Gürcan Banger
Yalın Yaşam ya da Tüketim
Şöyle bir çevrenize baktığınızda; ne denli yoğun etkileme kampanyaları ve bunların yarattığı her türden akıl çelme çabaları ile kuşatılmış olduğunuzu fark edeceksiniz. Adeta günlük faaliyetlerimiz, bizim dışımızda oluşmuş bu gürültülü saldırılara göre oluşuyor. Ne giymemiz, ne yememiz, ne içmemiz, nasıl eğleneceğimiz, parayı nereden bulacağımız veya nasıl mutlu ve özgür olacağımızı bize belletmeye çalışan bir kuşatma altındayız.
Sanki son çeyrek yüzyılda mutluluk ve özgürlüğün tanımları değişmiş gibi. Her iki tanım da daha fazla tüketime endekslenmiş sanki. Ne tüketeceğimizi seçerek özgür ve daha fazla tüketerek mutlu olmaya çalışıyoruz. “1980’li yıllardan önce de tüketim anlayışı, tatmin ve mutluluk üzerine kurgulanmamış mıydı?” şeklinde sorular muhtemeldir. Son çeyrek yüzyılla daha öncesi arasında ciddi bir fark var. 1980 öncesi dönemde dünya ekonomisi, gerçek veya yapay olarak yaratılmış ihtiyaçları karşılamak üzere mal ve hizmetleri üretiyor ve yeniden üretiyordu.
Son çeyrek yüzyılda ise kütlesel üretimin yanında yeni ihtiyaç üretimi felsefesi eklendi. Dünya ekonomisi artık sadece ticari emtiayı değil, aynı zamanda ihtiyaçları da üretiyor ve yeniden üretiyor. Böylece sınırsız tüketimin önündeki engeller kalkmış oluyor. Tüketmek için daima yeni, yepyeni mal ve hizmetler var.
Eğer ekonomi öncelikle sınırsız tüketim üzerine kurgulanırsa, üreticiler ve satıcılar açısından çözülmesi gereken birkaç sorun var demektir.
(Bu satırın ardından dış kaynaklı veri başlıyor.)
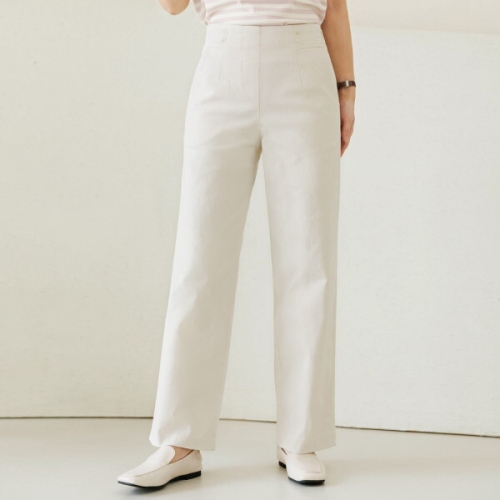 데드라 88size 장인의팬츠 터버튼와이드팬츠 PTF2013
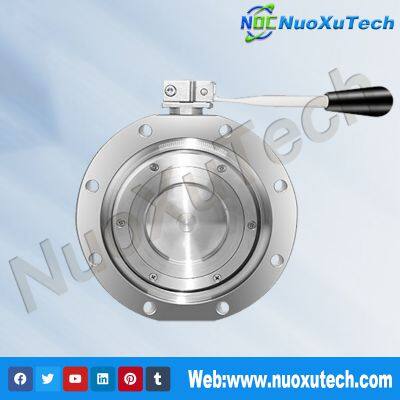 NuoXuTech GI-A Series High Vacuum Butterfly Valve photo-1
Birincisi; insanların daha fazla tüketmeye ikna edilmesi ve yönlendirilmesi. İkincisi ise yoğun üretimi destekleyecek olan aşırı tüketimin oluşmasını sağlayacak araç ve mekanizmaların oluşturulması.
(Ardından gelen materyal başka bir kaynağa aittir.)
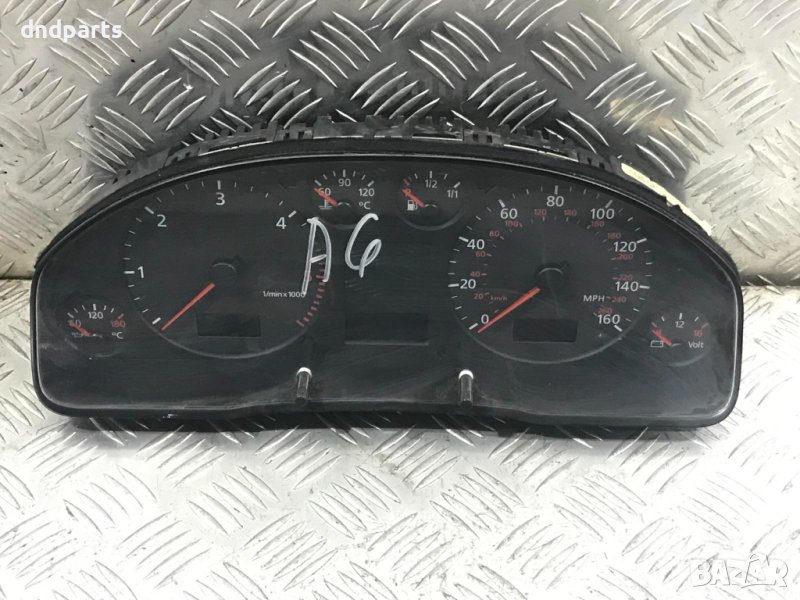 Километраж Audi A6,1.9TDI,2001г.UK, снимка 1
Günümüzde başta TV kanalları ve etkililiği giderek artan İnternet olmak üzere üreticilerin ve satıcıların çok sayıda tanıtım, reklâm ve propaganda araçları var. Bir kitapçı dükkânını gezerseniz, raflarda iletişim, pazarlama, satışçılık ve reklâmla ilgili çok fazla sayıda kitabın bulunduğunu göreceksiniz. Tüketimi destekleyecek mekanizmalar, hem donanım hem de yol-yordam ve felsefe olarak çok büyük hızla gelişiyor.
Diğer yandan ticaretin içerik yanında biçim olarak da değiştiğini gözlüyoruz. Küçük bakkal dükkânları, minik tekel bayileri, baba dostu terziler, semt fırınları, mahalle manavları büyük bir hızla tarihin tozlu sayfaları arasında yer almaya başladılar. İnşaat işlerindeki gelişme, hiç de bilişim ve iletişim teknolojilerindeki ilerlemenin gerisinde kalmadı.
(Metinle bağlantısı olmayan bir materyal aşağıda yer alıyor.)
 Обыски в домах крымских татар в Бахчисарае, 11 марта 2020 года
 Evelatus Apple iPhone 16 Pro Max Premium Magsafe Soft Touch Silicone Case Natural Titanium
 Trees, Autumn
Her doğan yeni günde yakın çevremizde yeni bir alışveriş merkezi veya kampanyalı – indirimli satış yapan bir outlet mağazası görmeye alıştık. Bu yapılar, tüketicilere sadece alışveriş yapma imkânı sunmuyor; yeme-içme, gezme ve eğlenme gibi başka ihtiyaçların karşılanması için de yeni bir yapay dünya takdim ediyor.
İktisatçı ve satışçılık uzmanı Victor Lebow, 1955 yılında “The Journal of Retailing” isimli perakendecilik dergisinde (bir satışçının rüyası gibi) yazdığı bir yazıda şunları söylüyordu: “üretken dev ekonomimiz, tüketimi bir yaşam biçimi haline getirmemizi bekliyor. Artık satın almayı ve tüketmeyi, dinsel ritüeller haline getirmeliyiz. Tatmini tüketimde aramalıyız. Tüketilecek, eskitilecek, yenilenecek ve çöpe atılacak şeylere ihtiyacımız var.” öyle anlaşılıyor ki; günümüzde Lebow’un hayalleri peş peşe gerçek oluyor. Dev AVM’ler de bu ritüeller için tapınak olma görevini yerine getiriyor. öyle görünüyor ki; bu tüketim temposuyla gelirimiz ve adeta ihtiyaç olduğuna ikna edildiğimiz ihtiyaçlarımız arasındaki uçurum her gün biraz daha fazla büyüyecek.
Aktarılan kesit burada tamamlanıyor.